__Problem requirements__
Using the records below, return exactly the lines from the one containing "Syllabus essential communication skills" through the last, and omit pictures.

═════ Supplied entries

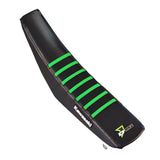 DCOR - Seat Cover Black W/Green Ribs Kaw - 862-3020126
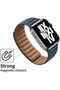 Leather Magnetic Loop Strap Compatible with Apple Watch Series 10/Ultra 2/9/8/7/6/SE, Fashion Band - 8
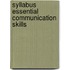 Syllabus essential communication skills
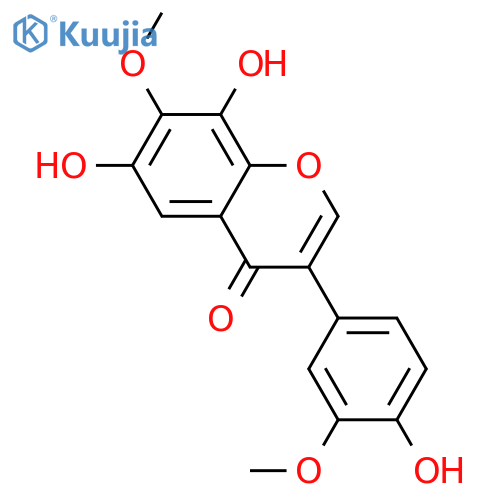 3',4',6,7,8-Pentahydroxyisoflavone; 3',7-Di-Me ether structure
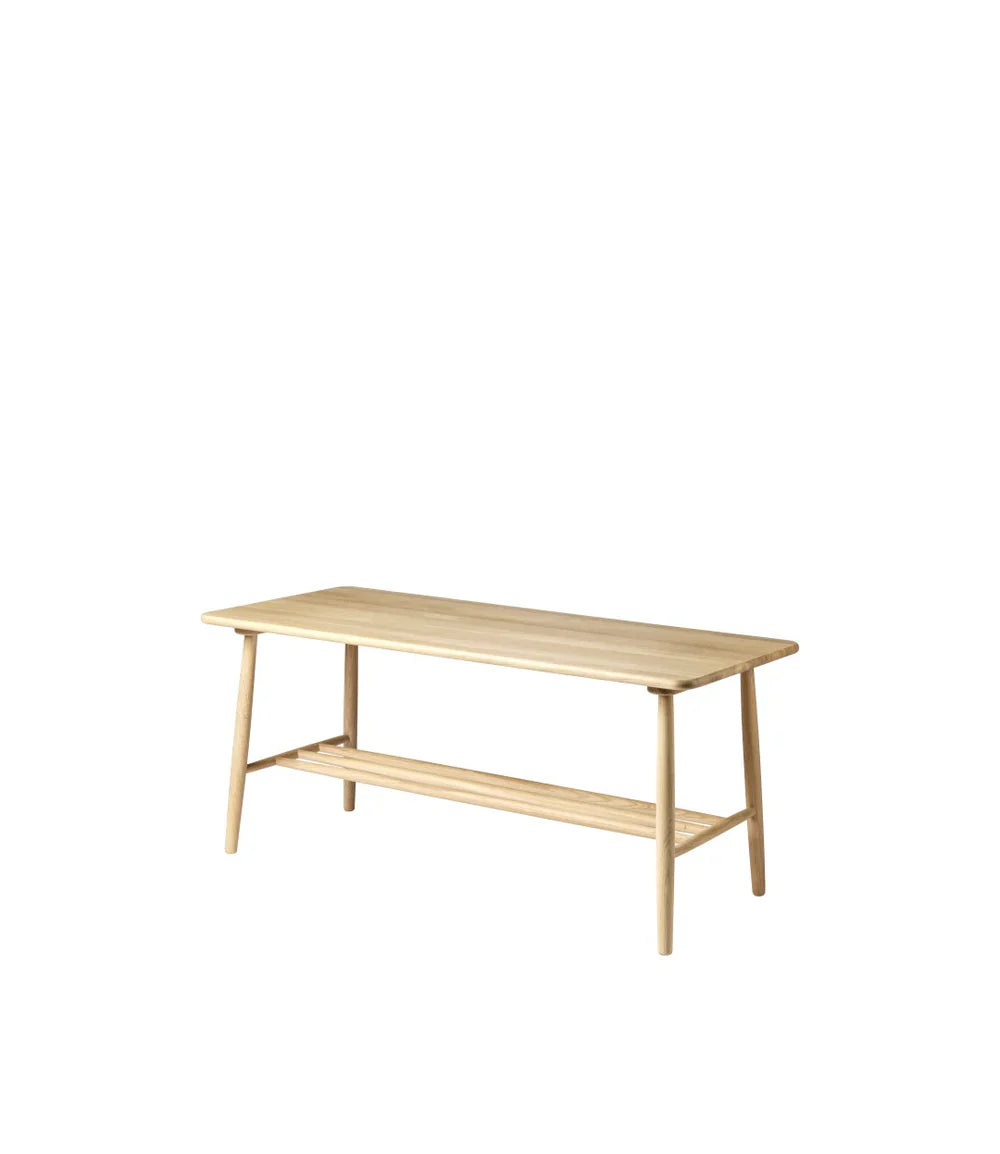 FDB Møbler Coffee table in natural solid oak, designed by Poul M. Volther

══════════

__Worked solution__
 Syllabus essential communication skills
 3',4',6,7,8-Pentahydroxyisoflavone; 3',7-Di-Me ether structure
 FDB Møbler Coffee table in natural solid oak, designed by Poul M. Volther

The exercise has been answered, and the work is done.